*Work to be completed*:
Your task is to retype every entry exactly while omitting the pictures.

(Records drawn from a dataset)
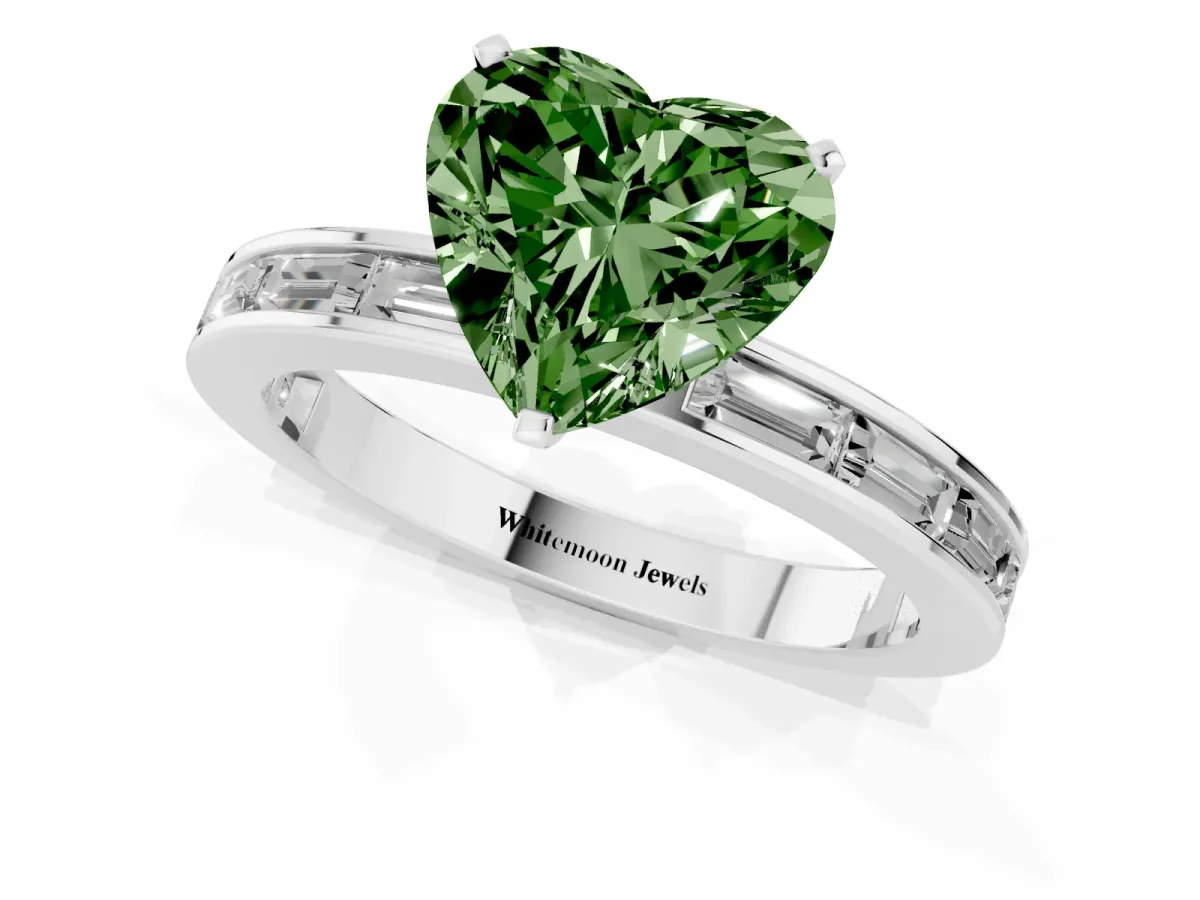 Fancy Green Heart Cut Solitaire Diamond Ring with Channel-Set Baguette Band and Four-Prong Setting Platinum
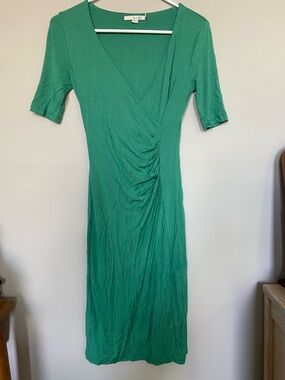 Boden Emerald Green Faux-Wrap Ruched Midi Dress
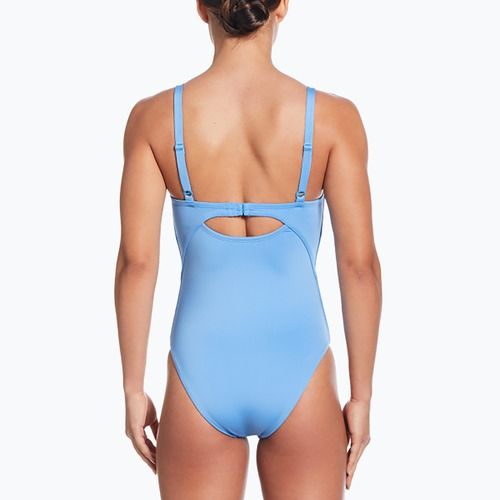 Women's one-piece swimsuit Nike Essential V-Neck university blue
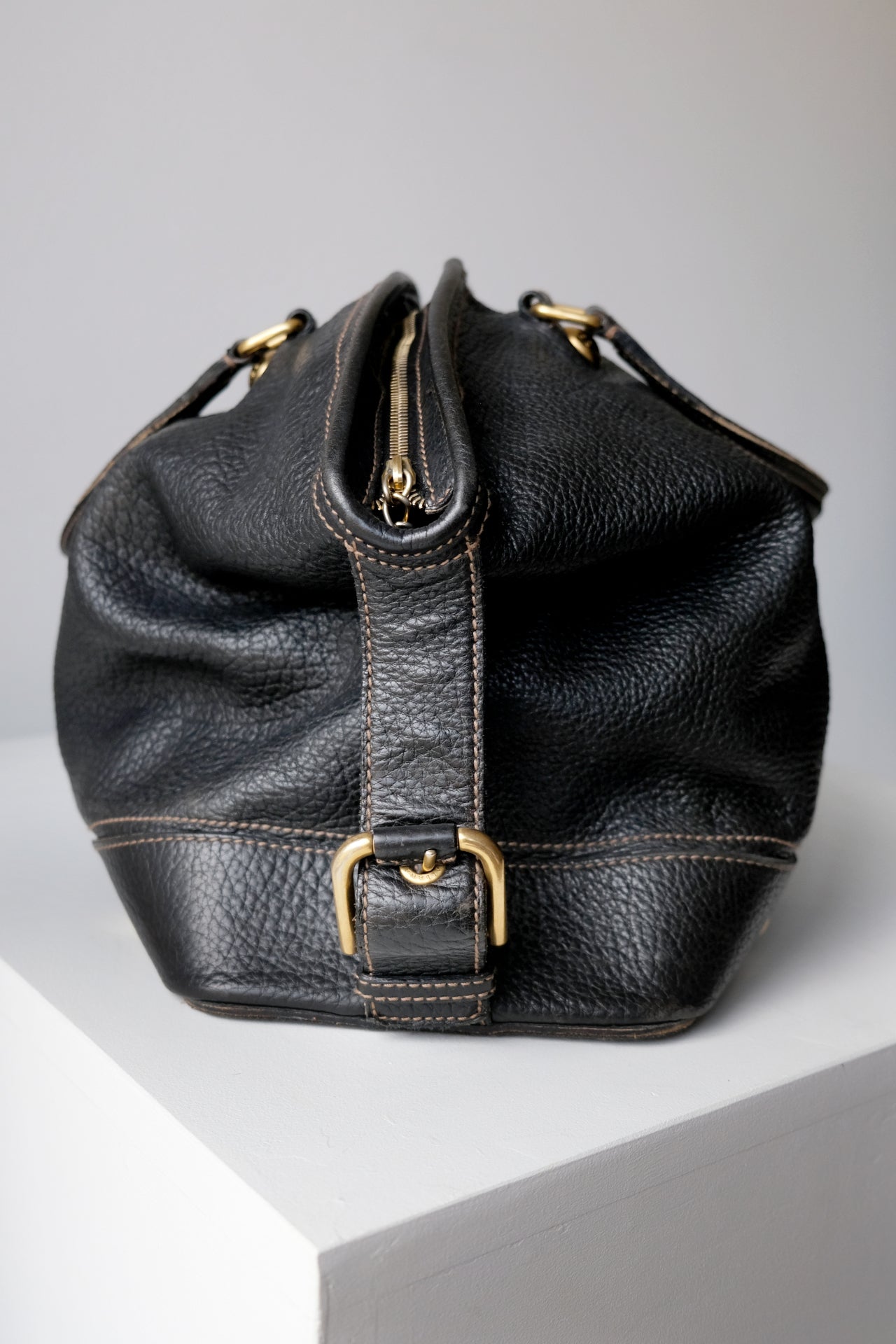 Dolce & Gabbana Black Grained Leather Zip Satchel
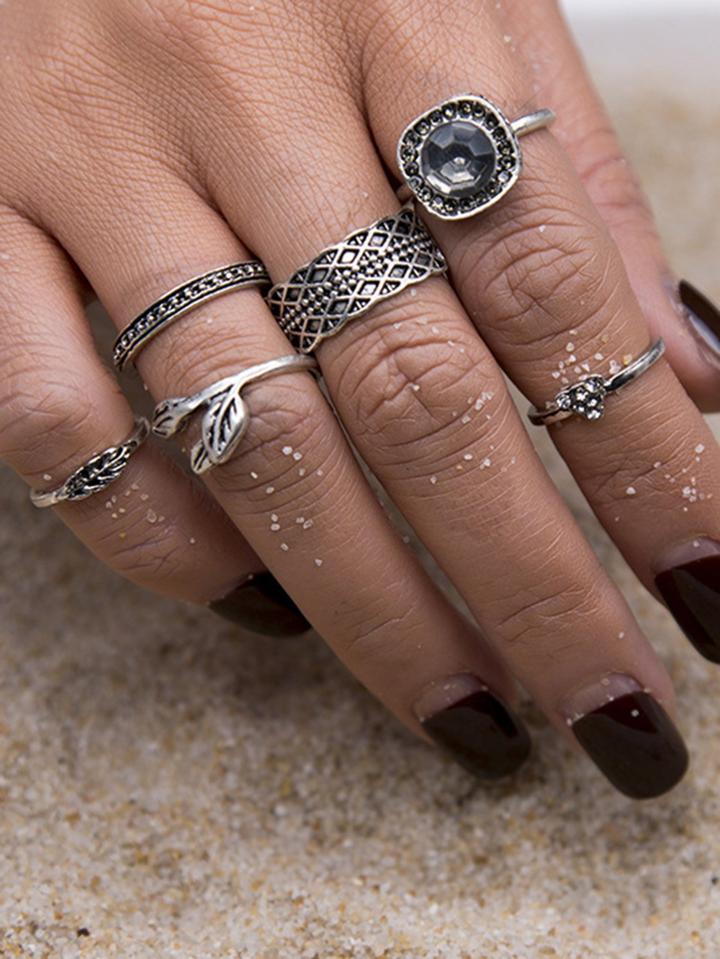 Romwe Chunky Ring Pack 6pcs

*The answer*:
 Fancy Green Heart Cut Solitaire Diamond Ring with Channel-Set Baguette Band and Four-Prong Setting Platinum
 Boden Emerald Green Faux-Wrap Ruched Midi Dress
 Women's one-piece swimsuit Nike Essential V-Neck university blue
 Dolce & Gabbana Black Grained Leather Zip Satchel
 Romwe Chunky Ring Pack 6pcs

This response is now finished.